As apurações reforçam a suspeita de envolvimento do presidente do sindicato na formação de cartel. Ontem, a Operação Júpiter bateu à porta da casa de José Carlos Lelis dos Santos, em Brazlândia, para levantar provas do suposto envolvimento dele no esquema. O homem acabou detido por porte ilegal de arma de fogo. De acordo com o diretor Pedro Cardoso, a polícia não tem escutas telefônicas sobre os esquemas, mas os documentos apreendidos podem comprovar o comportamento das distribuidoras. Ninguém foi detido pela formação de cartel.
As investigações administrativas e policiais continuarão pelos ministérios e pela polícia.
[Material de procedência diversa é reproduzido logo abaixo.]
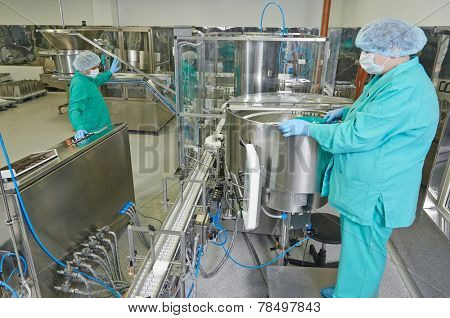 pharmaceutical factory woman worker operating production line at pharmacy industry manufacture factory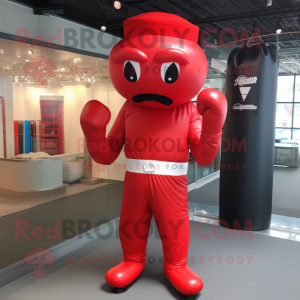 Red Boxing Glove mascot costume character dressed with a Empire Waist Dress and Caps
Caso comprovada a prática ilícita de combinação de preços, os empresários podem responder criminal e administrativamente. As penalidades para o caso de formação de quadrilha é detenção, de 3 a 5 anos, além de multa de até 30% do faturamento do ano anterior ao da infração cometida para as distribuidoras. ;Os representantes que são pessoas físicas também podem ser multados em até 10% em cima do valor da sanção das distribuidoras;, explica o chefe de gabinete da SDE, Diego Faleck. O promotor de Justiça Alexandre Sales acredita que a população deva sentir os reflexos de uma redução imediata nos preços dos botijões de gás. ;A ação contundente pode possibilitar uma baixa nos valores. Ainda estamos em fase de investigação e pretendemos usar os dados para estabelecer mais segurança;, explicou.
Desarticulação
A reportagem tentou falar com José Carlos Lelis dos Santos ao longo de todo o dia, mas o celular dele permaneceu desligado. O telefone da sede do Sindivargas, que fica no Setor de Indústria e Abastecimento (SIA), está desativado. O único representante da entidade localizado pelo Correio foi Lineu Garcia, que presidiu o sindicato há dois anos.
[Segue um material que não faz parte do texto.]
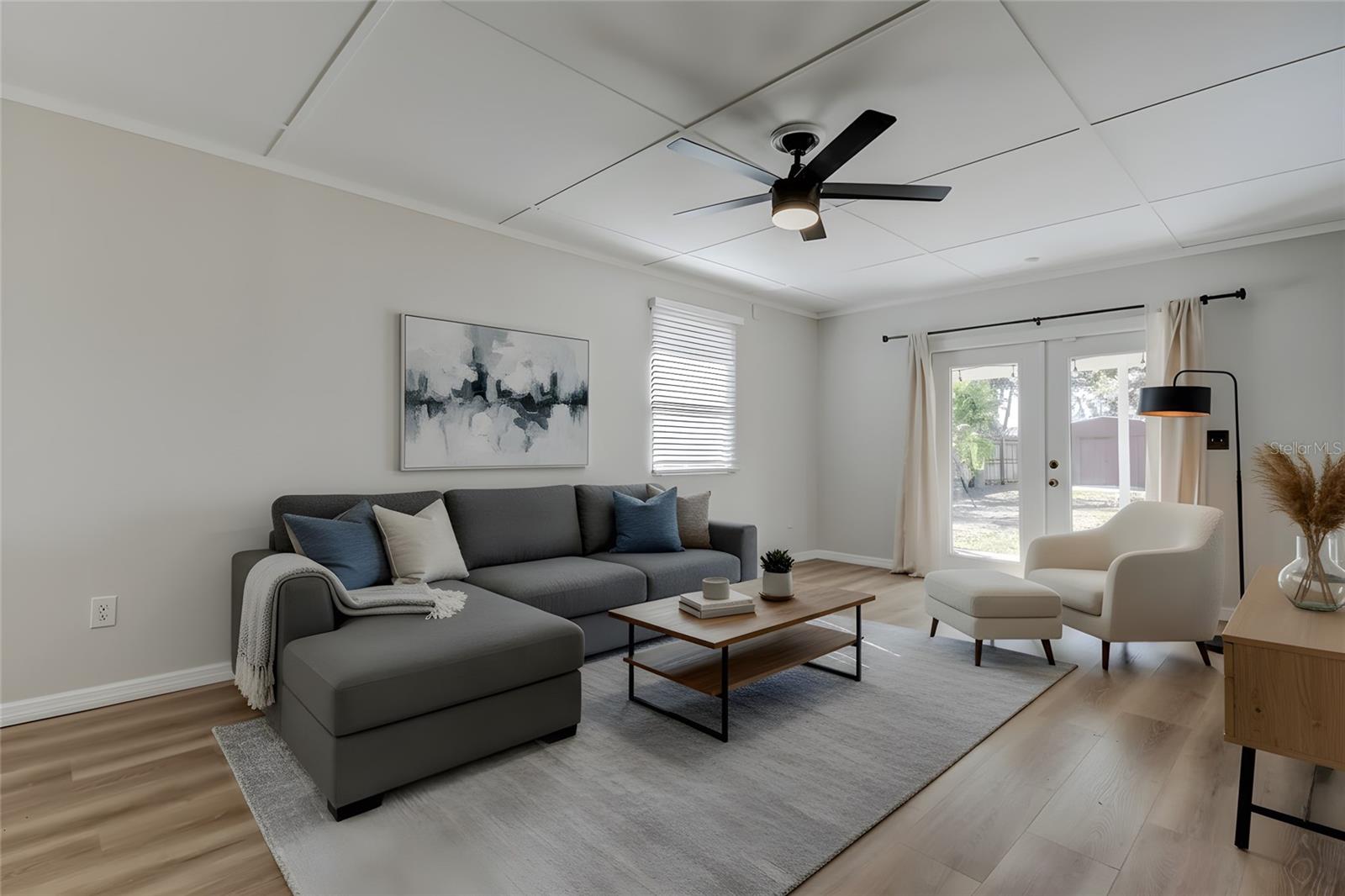 Family room with French doors to backyard and outdoor patio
Garcia disse que o Sindicato dos Revendedores de Gás está desarticulado e que a sede está fechada há cerca de seis meses. O motivo, segundo ele, foi uma disputa interna de poder. ;Eu estou afastado e soube pela imprensa que o José Carlos havia sido detido. Não sei se (o sindicato) compactuou ou não com cartel. Como pode ter compactuado se estava inativo?;, disse.
Procuradas, duas das três distribuidoras de gás investigadas pela Operação Júpiter se pronunciaram por meio de notas. A Liquigás, que pertence à Petrobras Distribuidora e tem sede em São Paulo, afirmou, por meio de sua assessoria de comunicação, que ;irá acompanhar o andamento das investigações e prestará toda a colaboração necessária ao esclarecimento do caso;. A SHV Gás, que tem sede no Rio de Janeiro e engloba as empresas Minasgás e Supergasbrás, disse que ;também está empenhada em obter mais informações sobre a motivação que originou a ação em sua base de engarrafamento em Brasília;. A Nacional Gás Butano, cuja matriz fica em Fortaleza (CE), declarou, por meio de sua assessoria de comunicação, que não iria se pronunciar sobre a Operação Júpiter.
1 - Forte aparato
A Operação Júpiter começou às 5h e terminou às 10h. A ação contou com a participação de 211 policiais civis, entre delegados e agentes, 58 viaturas, e um helicóptero da divisão de Operações Aéreas (DOA). Uma arma de fogo foi recolhida e uma pessoa detida por porte ilegal.